“So…” said Croesus. “When you say you’ll take me to Carlo…”
Yes, yes. I mean I will guide you to him, the bust assured him. Show you the way. Obviously I cannot take you anywhere. I am entirely reliant on you to take me places. You know, I realise you are a criminal, Croesus De Vere, but you possess a distinctly cruel streak. When a man has lost his legs, not to mention most of the rest of his body, it is really best not to taunt him over semantics about taking you anywhere. I may have been turned to stone, but I still have feelings.

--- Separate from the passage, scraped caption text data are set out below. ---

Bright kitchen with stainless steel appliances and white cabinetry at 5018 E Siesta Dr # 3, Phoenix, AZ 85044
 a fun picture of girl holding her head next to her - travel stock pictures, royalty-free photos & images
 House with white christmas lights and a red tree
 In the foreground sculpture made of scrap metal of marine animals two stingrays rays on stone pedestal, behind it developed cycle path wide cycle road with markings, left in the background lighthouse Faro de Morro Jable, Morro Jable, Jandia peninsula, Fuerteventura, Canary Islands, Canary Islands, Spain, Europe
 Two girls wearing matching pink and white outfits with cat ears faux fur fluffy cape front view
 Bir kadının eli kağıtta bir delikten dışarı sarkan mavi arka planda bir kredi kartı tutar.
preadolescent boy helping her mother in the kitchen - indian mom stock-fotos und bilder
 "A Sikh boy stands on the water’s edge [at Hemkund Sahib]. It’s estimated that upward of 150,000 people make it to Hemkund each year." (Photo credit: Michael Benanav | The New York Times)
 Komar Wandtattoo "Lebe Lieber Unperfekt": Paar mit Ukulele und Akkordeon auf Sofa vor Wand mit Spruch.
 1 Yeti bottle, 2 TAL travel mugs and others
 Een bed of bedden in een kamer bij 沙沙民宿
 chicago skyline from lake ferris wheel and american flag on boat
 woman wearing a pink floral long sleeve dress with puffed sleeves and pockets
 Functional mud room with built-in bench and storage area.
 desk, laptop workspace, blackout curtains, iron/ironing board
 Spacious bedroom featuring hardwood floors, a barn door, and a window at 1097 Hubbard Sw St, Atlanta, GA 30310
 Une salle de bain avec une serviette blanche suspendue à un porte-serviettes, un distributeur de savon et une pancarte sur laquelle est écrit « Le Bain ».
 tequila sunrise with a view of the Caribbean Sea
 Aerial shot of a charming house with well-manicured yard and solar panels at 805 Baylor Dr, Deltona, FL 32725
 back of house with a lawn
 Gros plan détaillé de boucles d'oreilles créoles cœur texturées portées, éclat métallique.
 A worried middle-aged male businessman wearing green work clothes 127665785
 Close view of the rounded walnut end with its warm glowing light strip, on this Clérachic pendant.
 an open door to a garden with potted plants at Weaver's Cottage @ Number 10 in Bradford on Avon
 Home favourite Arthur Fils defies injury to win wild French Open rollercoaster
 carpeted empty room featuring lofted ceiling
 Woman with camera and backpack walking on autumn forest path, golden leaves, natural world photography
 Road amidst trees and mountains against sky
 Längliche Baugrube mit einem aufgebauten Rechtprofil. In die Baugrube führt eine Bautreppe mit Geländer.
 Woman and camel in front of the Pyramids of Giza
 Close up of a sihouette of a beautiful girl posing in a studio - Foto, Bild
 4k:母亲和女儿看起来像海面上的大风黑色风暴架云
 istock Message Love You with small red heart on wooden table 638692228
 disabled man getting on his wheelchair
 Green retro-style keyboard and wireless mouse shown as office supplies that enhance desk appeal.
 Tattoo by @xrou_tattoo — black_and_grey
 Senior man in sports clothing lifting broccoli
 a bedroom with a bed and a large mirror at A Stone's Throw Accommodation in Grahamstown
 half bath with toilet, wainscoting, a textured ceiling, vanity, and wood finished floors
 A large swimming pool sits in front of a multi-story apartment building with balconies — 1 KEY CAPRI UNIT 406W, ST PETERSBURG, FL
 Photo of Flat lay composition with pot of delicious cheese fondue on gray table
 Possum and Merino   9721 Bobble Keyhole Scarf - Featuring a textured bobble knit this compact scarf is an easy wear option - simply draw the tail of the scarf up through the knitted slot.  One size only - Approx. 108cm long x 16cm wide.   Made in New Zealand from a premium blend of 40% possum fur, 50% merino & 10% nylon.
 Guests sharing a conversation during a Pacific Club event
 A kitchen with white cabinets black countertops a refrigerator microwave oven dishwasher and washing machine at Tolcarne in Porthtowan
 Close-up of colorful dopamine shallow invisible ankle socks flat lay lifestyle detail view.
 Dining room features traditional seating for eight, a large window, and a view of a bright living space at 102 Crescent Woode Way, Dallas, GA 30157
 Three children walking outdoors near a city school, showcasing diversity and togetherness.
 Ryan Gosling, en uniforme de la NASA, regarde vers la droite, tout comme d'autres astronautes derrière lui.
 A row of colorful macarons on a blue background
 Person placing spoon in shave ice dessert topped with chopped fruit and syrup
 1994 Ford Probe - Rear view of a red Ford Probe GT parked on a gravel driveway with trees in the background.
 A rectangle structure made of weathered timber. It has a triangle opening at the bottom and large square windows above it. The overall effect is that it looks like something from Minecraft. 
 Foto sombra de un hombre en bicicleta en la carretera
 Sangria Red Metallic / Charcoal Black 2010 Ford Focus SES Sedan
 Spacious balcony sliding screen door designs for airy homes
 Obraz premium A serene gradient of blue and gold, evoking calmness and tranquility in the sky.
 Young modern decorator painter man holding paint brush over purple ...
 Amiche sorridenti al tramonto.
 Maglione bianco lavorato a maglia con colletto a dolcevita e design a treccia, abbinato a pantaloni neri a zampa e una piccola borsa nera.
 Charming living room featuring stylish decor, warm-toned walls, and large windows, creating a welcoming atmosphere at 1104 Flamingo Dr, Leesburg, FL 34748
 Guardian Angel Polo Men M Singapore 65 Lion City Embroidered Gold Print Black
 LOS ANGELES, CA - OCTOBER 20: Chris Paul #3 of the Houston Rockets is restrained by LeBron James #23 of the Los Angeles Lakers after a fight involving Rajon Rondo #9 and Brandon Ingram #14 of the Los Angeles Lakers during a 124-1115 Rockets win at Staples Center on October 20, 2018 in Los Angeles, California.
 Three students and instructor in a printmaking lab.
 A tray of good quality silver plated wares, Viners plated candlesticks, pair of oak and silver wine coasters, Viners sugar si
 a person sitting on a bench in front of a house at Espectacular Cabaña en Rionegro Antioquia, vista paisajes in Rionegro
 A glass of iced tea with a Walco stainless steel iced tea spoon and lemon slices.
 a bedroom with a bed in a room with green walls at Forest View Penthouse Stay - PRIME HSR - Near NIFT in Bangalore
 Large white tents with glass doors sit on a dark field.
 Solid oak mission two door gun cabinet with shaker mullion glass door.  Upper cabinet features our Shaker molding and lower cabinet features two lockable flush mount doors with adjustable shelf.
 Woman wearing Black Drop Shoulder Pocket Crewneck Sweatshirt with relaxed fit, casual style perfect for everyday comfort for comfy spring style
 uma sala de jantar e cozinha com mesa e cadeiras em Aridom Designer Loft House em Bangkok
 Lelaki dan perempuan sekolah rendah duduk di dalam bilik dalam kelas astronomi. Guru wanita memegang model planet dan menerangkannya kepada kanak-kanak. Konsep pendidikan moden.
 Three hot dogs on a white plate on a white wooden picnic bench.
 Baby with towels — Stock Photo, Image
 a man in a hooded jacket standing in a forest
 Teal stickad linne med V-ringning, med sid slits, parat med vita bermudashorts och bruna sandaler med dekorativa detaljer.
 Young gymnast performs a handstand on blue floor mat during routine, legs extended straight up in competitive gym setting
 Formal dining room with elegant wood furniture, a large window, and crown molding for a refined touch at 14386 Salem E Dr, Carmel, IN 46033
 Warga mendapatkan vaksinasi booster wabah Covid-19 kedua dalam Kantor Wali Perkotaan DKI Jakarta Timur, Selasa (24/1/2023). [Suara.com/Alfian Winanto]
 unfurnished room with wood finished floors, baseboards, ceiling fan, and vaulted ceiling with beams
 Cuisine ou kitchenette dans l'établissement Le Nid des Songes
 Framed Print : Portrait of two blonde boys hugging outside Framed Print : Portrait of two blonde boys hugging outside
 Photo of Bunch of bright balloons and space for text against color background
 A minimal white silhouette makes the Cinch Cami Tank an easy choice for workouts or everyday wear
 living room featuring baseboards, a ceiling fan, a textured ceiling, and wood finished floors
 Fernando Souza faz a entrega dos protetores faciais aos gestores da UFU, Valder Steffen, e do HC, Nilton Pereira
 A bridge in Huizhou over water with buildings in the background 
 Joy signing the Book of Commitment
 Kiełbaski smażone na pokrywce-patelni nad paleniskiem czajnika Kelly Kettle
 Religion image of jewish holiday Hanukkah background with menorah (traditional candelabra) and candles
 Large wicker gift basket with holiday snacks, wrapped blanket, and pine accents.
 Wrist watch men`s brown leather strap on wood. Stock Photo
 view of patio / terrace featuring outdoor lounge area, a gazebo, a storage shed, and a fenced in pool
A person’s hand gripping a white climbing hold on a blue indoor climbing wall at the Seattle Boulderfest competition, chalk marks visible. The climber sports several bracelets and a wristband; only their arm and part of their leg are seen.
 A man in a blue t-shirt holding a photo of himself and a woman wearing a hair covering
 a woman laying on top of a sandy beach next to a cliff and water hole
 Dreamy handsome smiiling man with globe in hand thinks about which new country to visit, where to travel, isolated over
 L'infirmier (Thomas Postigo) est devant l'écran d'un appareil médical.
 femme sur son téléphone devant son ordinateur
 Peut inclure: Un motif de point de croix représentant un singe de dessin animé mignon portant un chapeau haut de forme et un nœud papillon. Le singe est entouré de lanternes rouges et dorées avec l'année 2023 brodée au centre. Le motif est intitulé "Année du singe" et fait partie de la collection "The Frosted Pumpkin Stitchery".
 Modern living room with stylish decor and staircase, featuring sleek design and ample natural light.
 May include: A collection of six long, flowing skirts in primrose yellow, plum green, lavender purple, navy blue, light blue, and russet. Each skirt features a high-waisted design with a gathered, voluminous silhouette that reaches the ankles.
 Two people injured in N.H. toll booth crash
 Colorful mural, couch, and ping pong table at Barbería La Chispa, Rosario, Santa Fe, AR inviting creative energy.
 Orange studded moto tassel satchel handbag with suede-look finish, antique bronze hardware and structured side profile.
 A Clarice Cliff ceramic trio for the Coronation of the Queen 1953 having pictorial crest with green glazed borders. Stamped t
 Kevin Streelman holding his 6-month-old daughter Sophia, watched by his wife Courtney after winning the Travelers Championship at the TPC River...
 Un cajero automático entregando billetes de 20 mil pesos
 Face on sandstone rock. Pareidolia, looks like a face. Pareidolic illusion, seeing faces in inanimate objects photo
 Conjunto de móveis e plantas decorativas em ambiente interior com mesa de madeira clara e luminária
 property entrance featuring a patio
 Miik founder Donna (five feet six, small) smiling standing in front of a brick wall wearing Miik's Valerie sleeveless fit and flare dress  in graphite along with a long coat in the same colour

“Sorry. Touched a nerve there.” Croesus grimaced and held his hands up in apology. “I’m an ex-criminal though. It’s an important distinction and one that puts me in a unique position to help you out of here.”
So you will do it?
Croesus pondered. It might be difficult, smuggling something the size of a bust out past the guards. Then again, maybe it didn’t have to be too complicated.
“All right. Come on. Let’s do this. Before I change my mind.”
Croesus grabbed the bust and whipped it off the pedestal, tucking it under his arm, inside his coat. It had some weight to it and he had to support it, cradling it with his other arm. No hands free for anything else.
This is your great plan for smuggling me out?
“Shut up and play along. Actually just shut up. This’ll work. And as long as you’re under my coat you can’t go hypnotising anyone else.” He shouted to the guards outside: “Open the door would you? Coming out!”
There was a pause. Probably the guards wondering why he couldn’t open the door for himself. Eventually they obliged and the doors parted. The guards peered in – with Chancellor Seedgrape standing between them.
“Well now,” he said. And the Chancellor didn’t only mince words, but served them up in a dry, gravyless shepherd’s pie of his own making. “Croesus. What are you up to now?”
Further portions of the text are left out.